对于失业归侨,当时主要实施临时救济,具体办法有两种:一是由政府发给临时救济款并资助他们返回原籍。二是成立慈善捐助机构,通过向社会募捐来帮助侨民。前者如上海侨务局一度对归国失业侨胞实行每人救济5元,后来因为经费支绌而于1935年3月停止。同年8月,旅日被逐侨胞胡俊民等因为生计困难而向上海侨务局请愿要求救济,上海侨务局向中央侨委会请示。侨委会委员长陈树人训令:因情况特殊,发给临时救济费每人3元,嗣后上海侨务局还为他们开具证明,让他们购半票返回原籍。后者如1935年8月国府赈务委员会委员长许世英连同中委即张发奎、黄慕松、萧吉珊,及华侨李志明联合发起在上海组织华侨失业救济院,“冀得分途募款,期以救济失业归国之侨胞”。在陈树人看来,这两种做法都属于临时救济,不能从根本上解决问题。他希望找到一条新办法,要对华侨实行根本救济。他相信由政府划地、资助开垦,不但能帮助侨民自食其力、解决生计问题,而且还能繁荣经济、复兴农村。

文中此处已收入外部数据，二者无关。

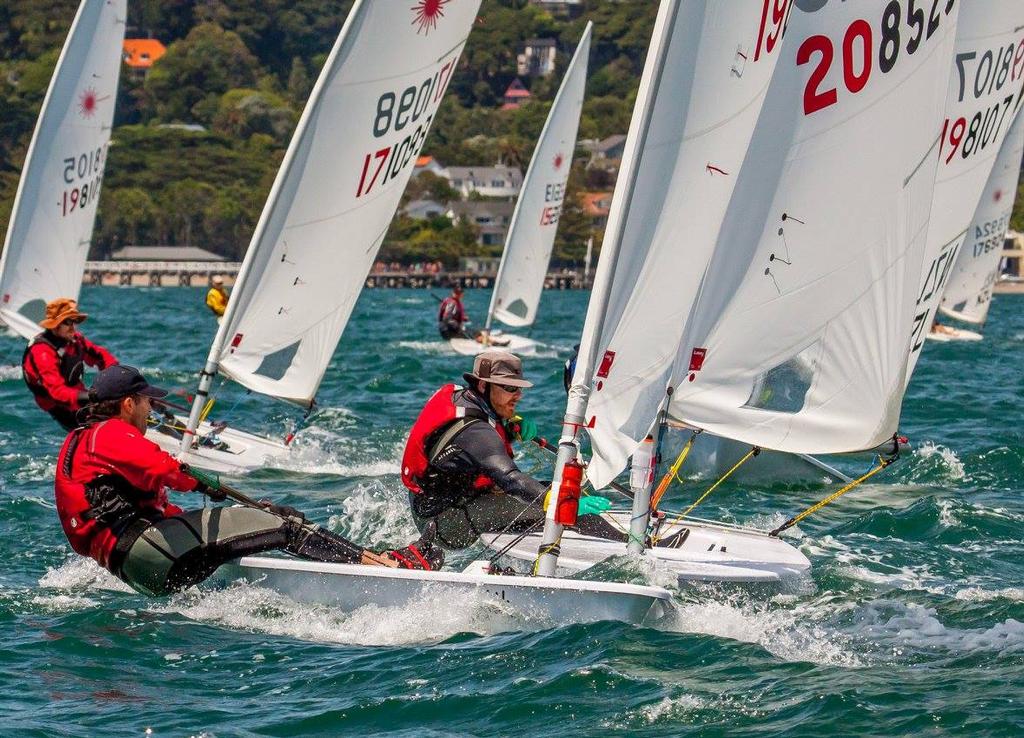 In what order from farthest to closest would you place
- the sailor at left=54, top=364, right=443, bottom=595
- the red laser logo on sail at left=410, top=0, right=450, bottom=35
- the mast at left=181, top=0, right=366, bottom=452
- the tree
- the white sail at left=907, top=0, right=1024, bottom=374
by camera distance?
the tree, the red laser logo on sail at left=410, top=0, right=450, bottom=35, the mast at left=181, top=0, right=366, bottom=452, the white sail at left=907, top=0, right=1024, bottom=374, the sailor at left=54, top=364, right=443, bottom=595

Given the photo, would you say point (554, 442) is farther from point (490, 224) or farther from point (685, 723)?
point (490, 224)

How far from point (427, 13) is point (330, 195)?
163cm

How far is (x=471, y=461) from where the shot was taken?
9336 millimetres

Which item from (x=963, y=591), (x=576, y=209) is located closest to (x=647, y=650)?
(x=963, y=591)

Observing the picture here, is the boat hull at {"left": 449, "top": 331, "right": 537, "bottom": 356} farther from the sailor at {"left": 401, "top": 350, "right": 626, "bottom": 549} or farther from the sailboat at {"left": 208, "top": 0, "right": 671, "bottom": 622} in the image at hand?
the sailor at {"left": 401, "top": 350, "right": 626, "bottom": 549}

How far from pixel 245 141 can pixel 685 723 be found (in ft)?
454

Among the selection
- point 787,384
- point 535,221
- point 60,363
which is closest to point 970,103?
point 787,384

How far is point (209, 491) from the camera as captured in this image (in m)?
9.08

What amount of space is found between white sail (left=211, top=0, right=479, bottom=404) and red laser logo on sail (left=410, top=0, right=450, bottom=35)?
1 cm

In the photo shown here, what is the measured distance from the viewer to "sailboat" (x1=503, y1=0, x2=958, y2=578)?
28.9 feet

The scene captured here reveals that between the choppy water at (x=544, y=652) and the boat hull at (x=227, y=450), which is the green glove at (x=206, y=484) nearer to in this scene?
the choppy water at (x=544, y=652)

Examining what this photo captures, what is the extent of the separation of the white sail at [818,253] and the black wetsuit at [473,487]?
780 millimetres

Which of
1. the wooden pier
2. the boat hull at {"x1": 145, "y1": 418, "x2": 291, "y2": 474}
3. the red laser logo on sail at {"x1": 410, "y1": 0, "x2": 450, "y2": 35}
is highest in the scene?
the red laser logo on sail at {"x1": 410, "y1": 0, "x2": 450, "y2": 35}

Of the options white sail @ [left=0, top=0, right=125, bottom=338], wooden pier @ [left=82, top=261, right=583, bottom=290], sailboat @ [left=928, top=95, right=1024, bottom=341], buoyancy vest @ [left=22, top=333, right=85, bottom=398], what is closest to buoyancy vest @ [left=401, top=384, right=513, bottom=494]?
buoyancy vest @ [left=22, top=333, right=85, bottom=398] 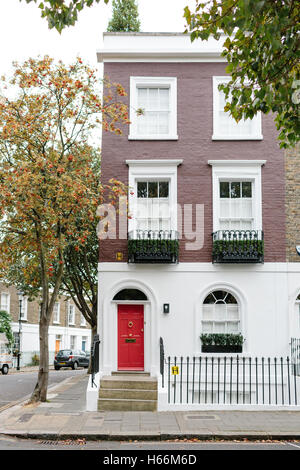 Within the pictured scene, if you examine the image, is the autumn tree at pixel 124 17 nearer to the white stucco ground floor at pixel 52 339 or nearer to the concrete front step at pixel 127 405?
the concrete front step at pixel 127 405

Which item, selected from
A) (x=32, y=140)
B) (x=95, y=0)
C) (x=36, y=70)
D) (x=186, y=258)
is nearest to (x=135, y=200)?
(x=186, y=258)

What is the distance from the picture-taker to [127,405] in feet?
46.6

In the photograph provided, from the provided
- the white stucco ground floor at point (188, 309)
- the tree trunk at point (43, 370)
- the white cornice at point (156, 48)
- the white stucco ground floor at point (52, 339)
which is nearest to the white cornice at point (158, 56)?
the white cornice at point (156, 48)

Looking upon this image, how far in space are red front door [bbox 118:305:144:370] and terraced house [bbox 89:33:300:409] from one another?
0.10 feet

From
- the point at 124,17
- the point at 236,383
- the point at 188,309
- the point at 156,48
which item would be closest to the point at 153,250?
the point at 188,309

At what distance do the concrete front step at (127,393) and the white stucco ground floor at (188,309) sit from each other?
742 mm

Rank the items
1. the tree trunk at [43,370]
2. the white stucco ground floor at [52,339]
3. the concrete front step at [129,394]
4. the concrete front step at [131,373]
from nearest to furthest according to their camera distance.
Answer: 1. the concrete front step at [129,394]
2. the tree trunk at [43,370]
3. the concrete front step at [131,373]
4. the white stucco ground floor at [52,339]

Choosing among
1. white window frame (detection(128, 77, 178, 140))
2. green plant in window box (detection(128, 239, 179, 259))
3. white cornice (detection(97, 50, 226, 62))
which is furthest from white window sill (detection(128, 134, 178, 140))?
green plant in window box (detection(128, 239, 179, 259))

宣城侨乐村寄托了陈树人极大的希望,他希望这种实验性的根本救济办法能够成功,然后推广到各地,不仅安置归侨,而且复兴农村,摆脱工商业凋敝大环境的影响。然而结果并不如他所愿,侨乐村运转并不成功。归侨们似乎并不领情,他们并没有欣然前往侨乐村。首批计划招收200名,而且经审核有137人领到进村许可,但结果只有61人进驻侨乐村,只占应该进村者的45%。1935年12月侨委会曾经发布通告,点名警告陈正连等14人。因为这些人已经审核批准、发给进村许可证,理应早早进村安心垦殖,而他们“竟迟疑观望,久不到村”,拖延8个月而尚未进村。
侨乐村开办半年多以后的1936年2月,侨委会打算增收垦民50人,因为“侨乐村内部建筑见完备、各种农场次第开辟”。为完成增收垦民的任务,侨委会分别命令上海、厦门侨局转送失业归侨。这表明:经过半年多,侨乐村也仅能增收民50 人,而且需要上海、厦门两个较大的侨务局转送,而非垦民自愿前往,可见侨乐村并没有成为归侨们的首选。侨乐村的设计者陈树人也因为侨乐村运转不灵等原因而提出辞呈。
三、侨乐村失败原因
华侨失业、被逐回国,大多既少资本,又无工作,投靠亲友也多有面子上的障碍。这种情况下由政府出面为他们圈定荒地、集中垦殖,收获物大部分归其自由支配。这种救济方式比简单发放一点救济款或者交通费遣送回籍更能从根本上解决问题,理应为侨胞所欢迎。但是实际情况是,侨乐村开办得并不成功,很快就暴露出诸如经费困难、垦民家属安排不便、与当地村民关系紧张等各种问题。
侨乐村的不成功是由诸多原因决定了的。
第一,多年以来中央政府侨务政策的重点一直是对外的,对于归国华侨的安置缺乏准备。从民国建立一直到国民政府垮台,中央政府实行“移、殖、保、育”四字侨务政策,即:鼓励国人向海外发展、协助国人在海外立基、护卫国人在海外安全、教导国人在海外滋长。这种侨务政策是针对中国人口过多、国内连年争战,而历史上早就有大量侨胞居留海外的实际情况而制定的,总体上是合理的。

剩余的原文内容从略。